Na ja, erstmals seit dem Zweiten Weltkrieg steht eine Rechtspartei vor dem Einzug in den Bundestag – und das auch noch mit voraussichtlich Pi mal Daumen zehn Prozent.

Todt: Das stimmt. Aber wir reden über zehn und nicht über 30 Prozent. Ich denke schon, dass so etwas unser Land auch einfach mal aushalten muss und sicher wird.

2006 haben Sie für den „Spiegel“ das Dorf Postlow in Mecklenburg-Vorpommern besucht, wo die NPD bei Landtagswahlen auf 38,2 Prozent der Stimmen kam. Können Sie sich noch an Ihren Besuch erinnern?

Todt: Klar. Postlow war damals ein ganz trister Ort in Ostdeutschland: weitgehend entvölkert, die Leistungsträger weggegangen, die Infrastruktur zusammengebrochen, die Kneipen und Geschäfte geschlossen und am Ende blieb nur der Frust. Die Jugendlichen, die dort blieben, hatten wenig Perspektive. Und wenn man keine Perspektive hat, dann wählt man leider oft Protest. So werden leichte Antworten für komplizierte Fragen gesucht. Ich kann mich noch gut erinnern, dass der Treffpunkt für die Jugendlichen in dem Ort eine Bushaltestelle war.
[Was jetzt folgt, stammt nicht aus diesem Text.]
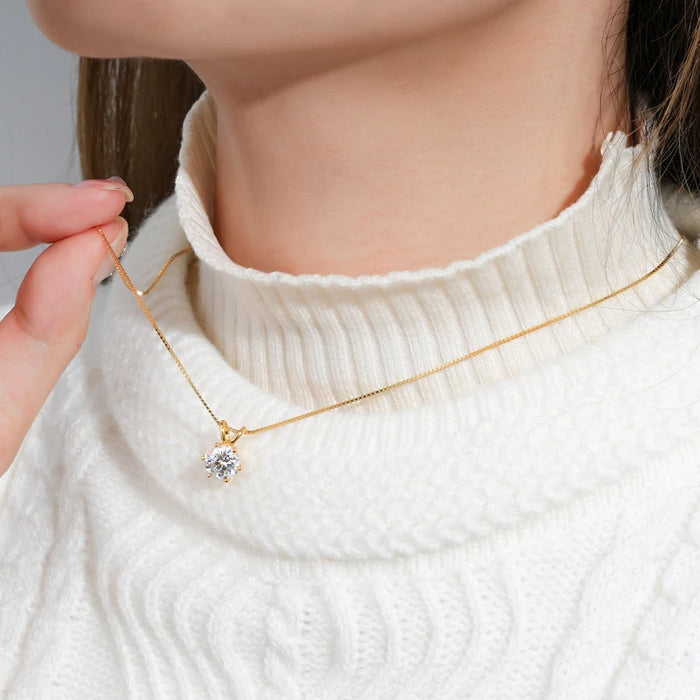 Moissanite Pendant Necklace – D-Color Round Solitaire
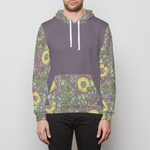Purple Sunflower Floral Cozy Rayon Pullover Hoodie- In Stock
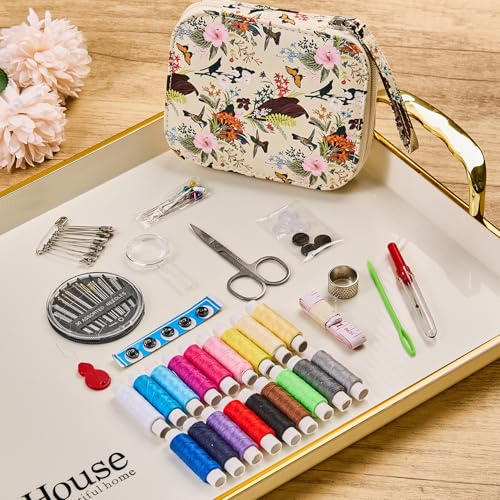 Travel Basic Hand Sewing Kit for Adults with Sewing Thread - color: Butterflies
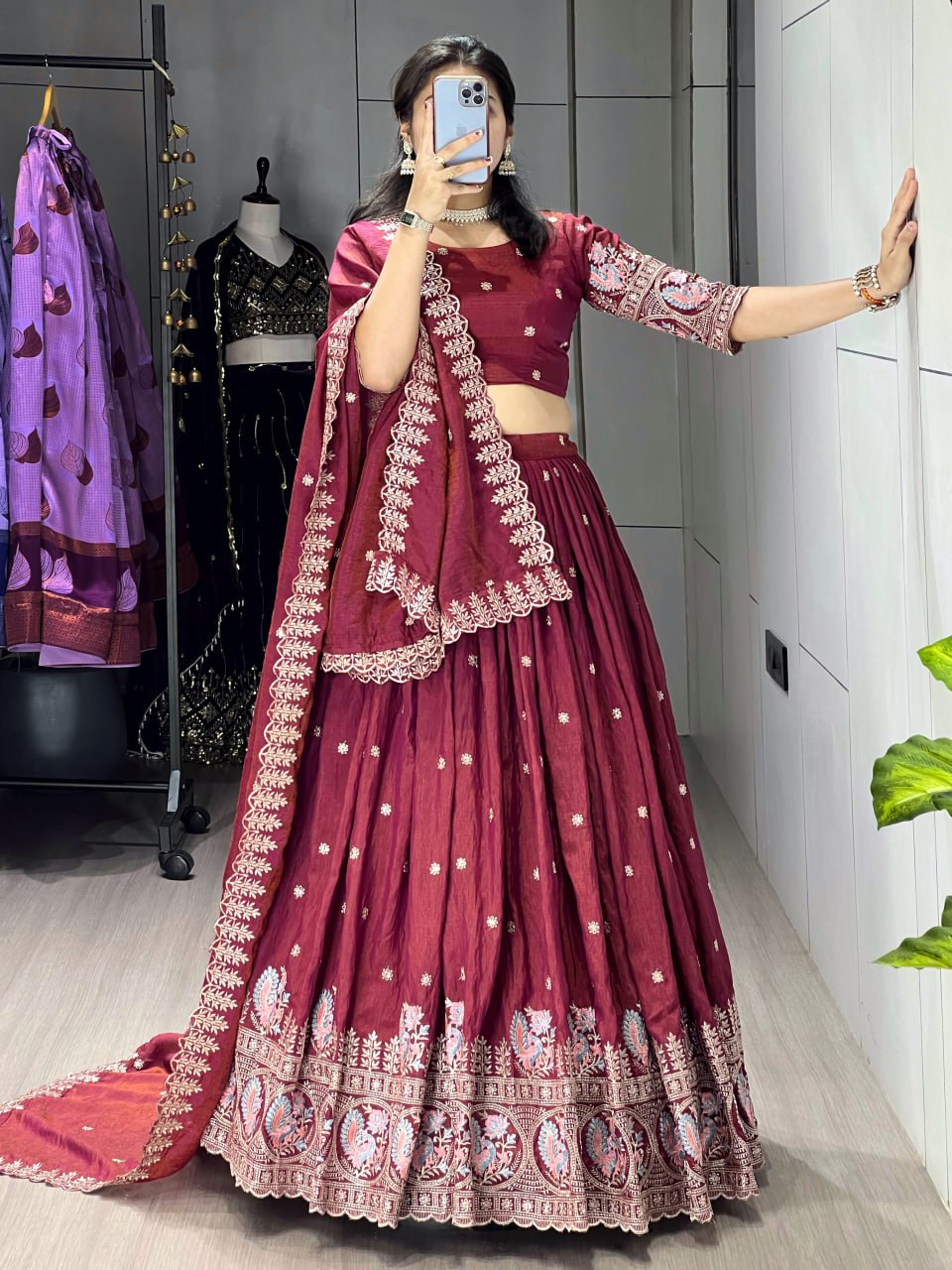 Classical Burgandy Embroidery Lehenga Set image 5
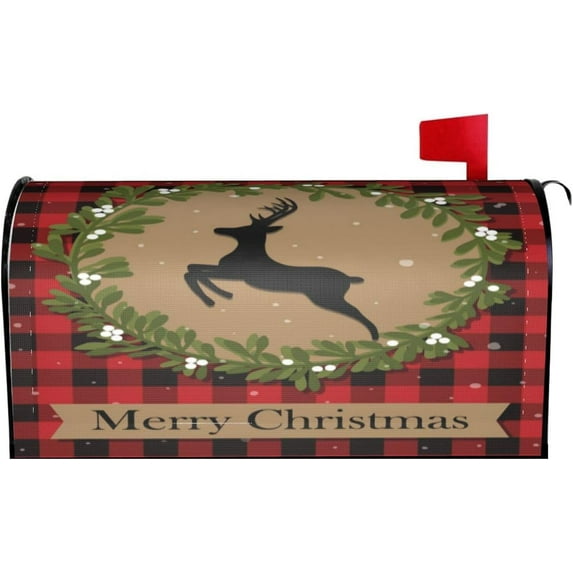 Merry Christmas Mailbox Cover Magnetic Winter Deer Mailbox Wraps Post Box Cover Décor 21x18 in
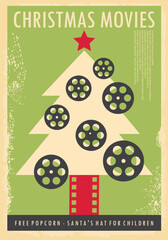Cristmas movies retro poster design for holiday cinema event. Christmas movie show vintage advertisement concept. Vector banner illustration, winter holiday entertainement theme.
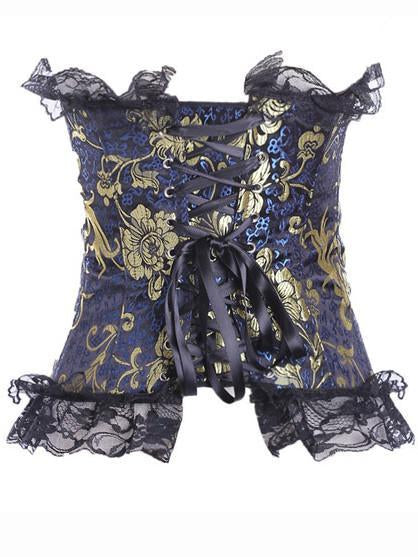 Foil Floral Ruffled Corset - Theone Apparel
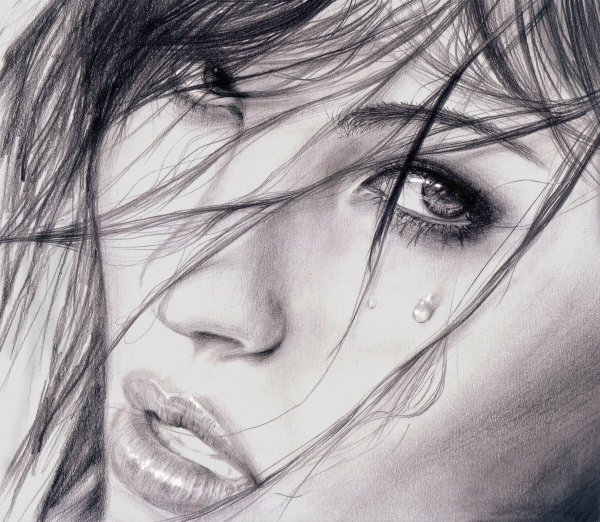 Картины девушек карандашом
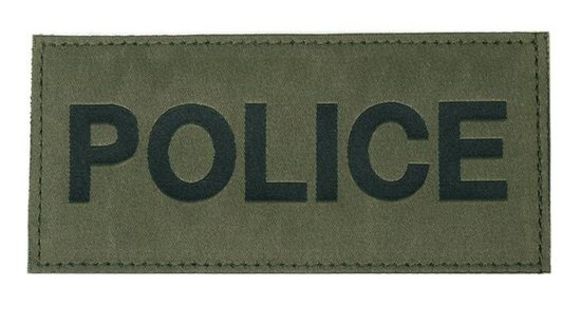 Image of Blackhawk Police Patch, Black on Green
Viel mehr gab es in Postlow nicht. Ausländer im Übrigen auch nicht.

Sie haben drei Kinder im Alter zwischen neun und 18 Jahren. Sprechen Sie zu Hause am Frühstückstisch über Politik?

Todt: Das machen wir schon ab und an. Meine Tochter Lotta hat beispielsweise die Flüchtlingshilfe in Babelsberg mitbegründet. Darauf sind wir als Eltern natürlich unglaublich stolz. Sie darf dieses Jahr zum ersten Mal wählen, und da ist Politik am Frühstückstisch natürlich ein Thema.

Lässt sich Ihre Tochter von Ihnen politisch beeinflussen?

Todt: Vielleicht ein klein wenig, aber sie hat schon ihren eigenen Kopf. Sie wird sicherlich etwas anderes wählen, als ich es getan habe. Und damit habe ich auch überhaupt kein Problem. Ich glaube ohnehin, dass das im Vergleich zu früher anders ist. Früher hat man sehr viel eher so gewählt, wie einen das Elternhaus geprägt hat. Heute sind die Wähler offenbar später entschieden und sprunghafter in ihren Entscheidungen.

Haben Sie den Wahl-O-Mat ausprobiert?

Todt: Ja, das tue ich seit Jahren. Und ich wurde noch einmal zusätzlich in meiner Wahl bestätigt. Da brauchte es nicht mal Christoph Ploß, den Winterhude-Kandidaten der CDU, der letztens an meiner Haustür geklingelt und um meine Erststimme geworben hat.

Was haben Sie ihm gesagt?

Todt: Dass er sich leider die Mühe umsonst gemacht hat, weil mein Wahlkreis in Potsdam ist.

1998, als Sie bei Werder Bremen unter Vertrag standen, haben Sie noch eine Wahlparty unter dem Motto „Kohl muss weg“ geschmissen ...

Todt (lacht): Lang ist’s her, und das war natürlich auch spaßig gemeint. Wir haben damals im linksliberalen Ostertorviertel gewohnt. Das ist vielleicht ein bisschen vergleichbar mit dem Schanzenviertel. Dort wurde Grün gewählt – und dort habe ich mich damals auch politisch sehr wohl gefühlt. Auf der Party, auf der auch ein paar Mitspieler wie Marco Bode oder Christian Brand waren, haben wir dann auch noch mal die Gäste wählen lassen.

Und?

Todt: Auf unserer Party hat Grün die absolute Mehrheit geholt.

Welches Partymotto würden Sie an diesem Wochenende vorgeben?

Todt: Ich würde als Motto vorschlagen: Endlich wieder in Leverkusen gepunktet!?